(Image-text web data)
--
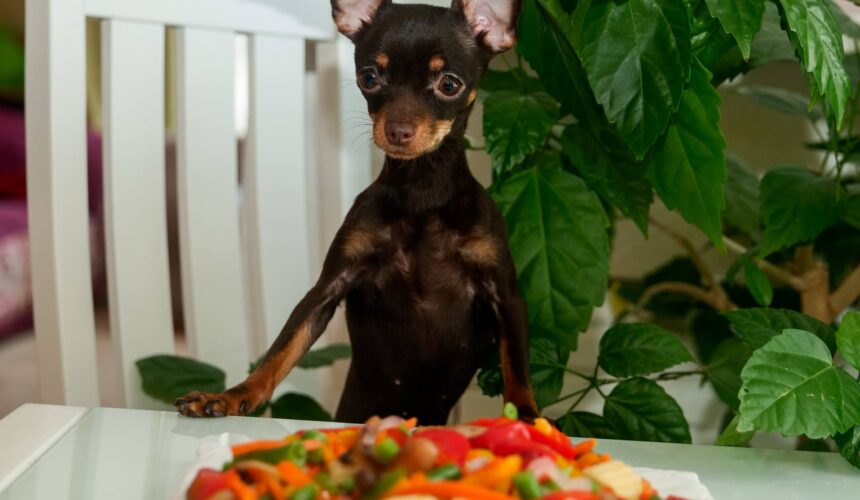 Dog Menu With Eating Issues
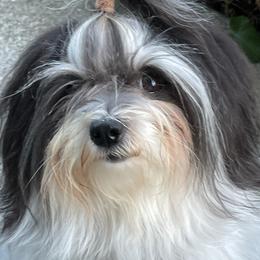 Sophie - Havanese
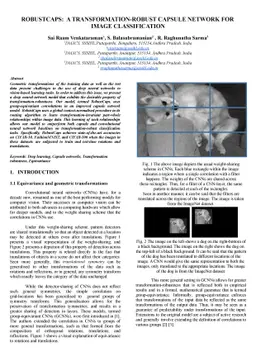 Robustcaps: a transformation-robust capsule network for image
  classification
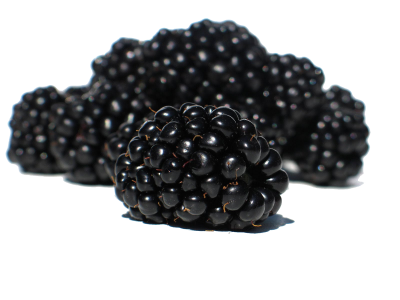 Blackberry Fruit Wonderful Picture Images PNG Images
--
Please copy the data above word for word, but only from the line that contains "classification" through the final line, both included, and without the pictures.

§ RESULT OF THE TASK:
  classification
 Blackberry Fruit Wonderful Picture Images PNG Images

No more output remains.